● **Listed entries**:
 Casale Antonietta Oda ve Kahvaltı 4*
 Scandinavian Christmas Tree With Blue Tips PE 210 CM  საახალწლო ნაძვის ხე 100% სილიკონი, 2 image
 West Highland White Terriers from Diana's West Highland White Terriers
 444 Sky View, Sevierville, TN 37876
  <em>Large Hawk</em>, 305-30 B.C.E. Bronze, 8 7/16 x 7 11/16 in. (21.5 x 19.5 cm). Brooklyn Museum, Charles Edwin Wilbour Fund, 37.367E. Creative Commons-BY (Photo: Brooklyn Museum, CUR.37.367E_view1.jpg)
---
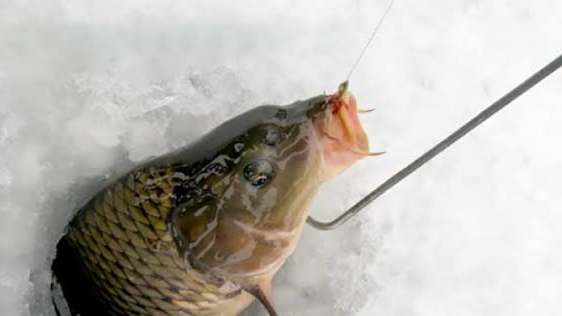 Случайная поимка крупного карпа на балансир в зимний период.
...
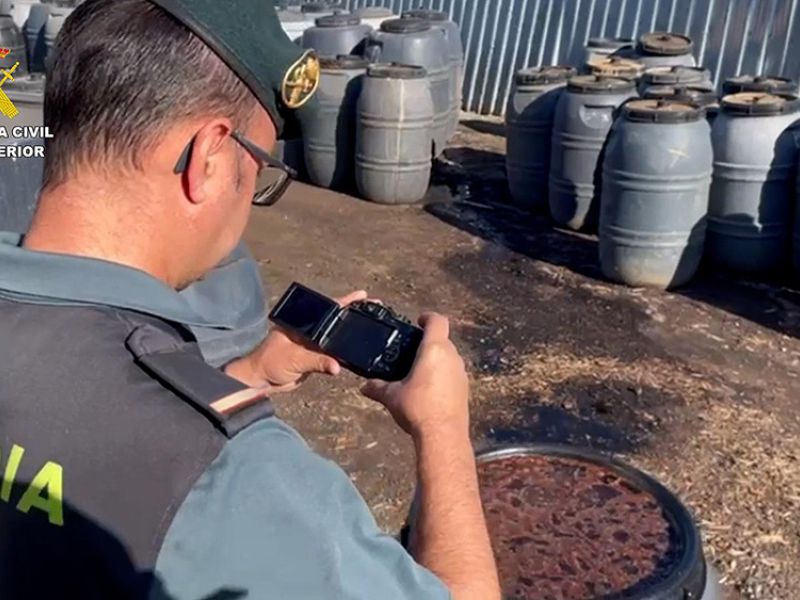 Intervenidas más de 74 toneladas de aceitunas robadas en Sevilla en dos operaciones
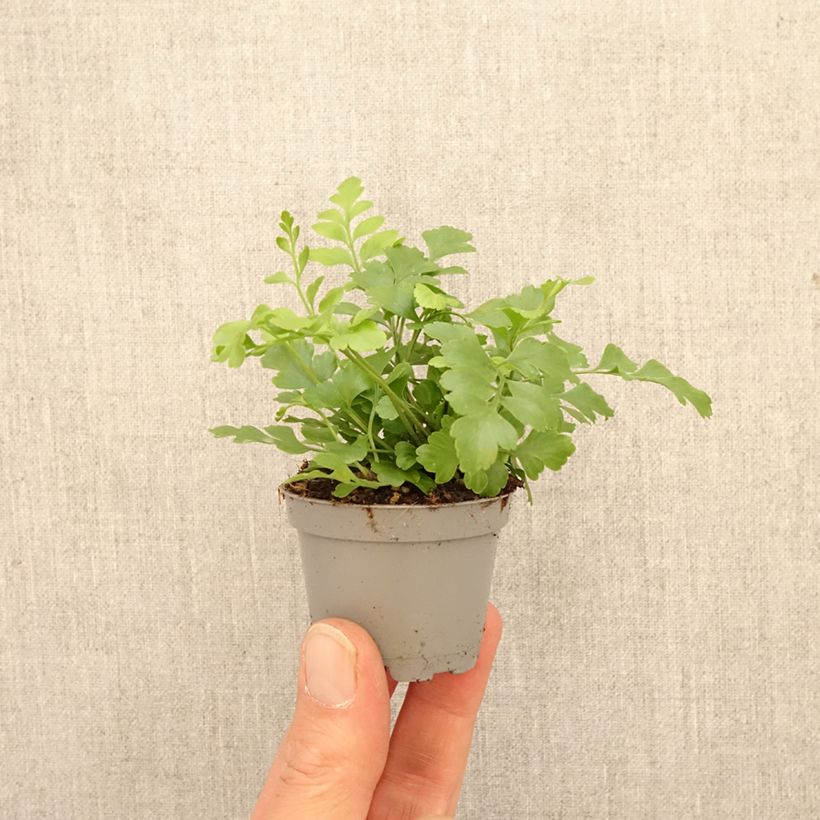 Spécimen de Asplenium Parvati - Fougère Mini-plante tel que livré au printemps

● **What to produce**: What you need to produce is an exact copy of the entries above, limited to the lines from the one with "Intervenidas más de" up to and including the one with "Spécimen de Asplenium", without pictures.

● **Output for this exercise**:
 Intervenidas más de 74 toneladas de aceitunas robadas en Sevilla en dos operaciones
 Spécimen de Asplenium Parvati - Fougère Mini-plante tel que livré au printemps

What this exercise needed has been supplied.